Angela Merkel welcomes Alexis Tsipras to a bilateral meeting, March 2015. Demotix/S.Struck. All rights reserved.I am a member of a small nationality: the English Europeans. Like any attractive nationality this is one of becoming as well as tradition and allegiance – a patriotism of change, not a hunched, defensive chauvinism. It means looking forward to being more English and more European as my country becomes simultaneously more attractively and less aggressively English and more profoundly and freely European; as, in other words, both sides of my nationality enhance each other to strengthen my liberty and expand my democracy in a globalizing world. 

It is a privileged nationality that has come about thanks to the creation of the EU. It means I can understand and identify with Greeks who at one and the same time want to be both more Greek and more European. Like them I experience myself as belonging to a country and continent harnessed together in a single vehicle. It is not an experience shared by most of my fellow countrymen. They are English-Britains, who even when ‘pro-European’ mostly regard the EU in an instrumental way. They experience their nationality as already fulfilled without further need for definition. For them any European claims on their identity feel like a subtraction of their nationality, more of a threat than an enhancement.

The argument with my own countrymen is not going well. Sorry, that is a classic British understatement: it is going badly. What is going even worse is the EU itself; its policy towards Greece has been atrocious and is turning the Union from a framework that strengthened the nations of Europe into one that threatens them.

Today the Greeks are voting in a referendum on their relationship to the EU. Whatever happens the poor are likely to be punished. I am going to Greece to witness and share in the immediate aftermath. Before setting out to listen to my Greek friends I decided to set down my outsider’s view.

What is the referendum about

The referendum is divisive, incoherent, ill-prepared and may lead to an outcome so close as to be unclear  - dangerous energies in a country whose civil war and military dictatorships are not tucked safely in the seventeenth century but are raw and present. Yet it has brought democracy into the chambers of the European process where I hope its unruly presence stays put. It is easy for me to say so but I welcome its taking the issue to the people. The issue of the referendum being, should the Eurozone be governed in the way it has been, or not.

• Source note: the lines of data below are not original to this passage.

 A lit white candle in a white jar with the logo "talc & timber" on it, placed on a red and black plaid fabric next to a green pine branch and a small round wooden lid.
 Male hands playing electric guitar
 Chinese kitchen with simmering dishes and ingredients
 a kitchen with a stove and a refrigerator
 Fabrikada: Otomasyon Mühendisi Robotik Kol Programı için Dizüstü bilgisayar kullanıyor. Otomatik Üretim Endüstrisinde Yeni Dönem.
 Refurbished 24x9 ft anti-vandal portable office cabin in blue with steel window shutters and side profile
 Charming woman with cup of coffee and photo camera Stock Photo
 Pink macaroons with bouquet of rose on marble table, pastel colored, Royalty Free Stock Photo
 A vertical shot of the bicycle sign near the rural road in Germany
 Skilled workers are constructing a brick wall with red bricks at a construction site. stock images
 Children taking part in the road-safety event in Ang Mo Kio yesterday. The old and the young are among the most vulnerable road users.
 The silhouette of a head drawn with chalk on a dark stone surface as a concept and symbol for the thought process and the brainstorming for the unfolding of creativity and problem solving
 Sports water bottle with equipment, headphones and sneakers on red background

My answer to this question is NO. This is how I hope the Greeks will vote. My experience of the Scottish referendum leads me to expect a YES.

On the face of it, the NO vote should storm through. The formal question is should Greece say YES to the creditors' terms for continued austerity, cuts to the pensions of the poor and no debt relief that the Troika of the EU, the European Central Bank (ECB), and the IMF put on the table as a “take it or leave it offer”. Or should they say NO so that the better terms the Troika will now offer can be agreed, now that the IMF’s judgment that massive debt relief is essential is openly on the table? And speedily agreed, according to the assurance of Minister of Finance Yanis Varoufakis.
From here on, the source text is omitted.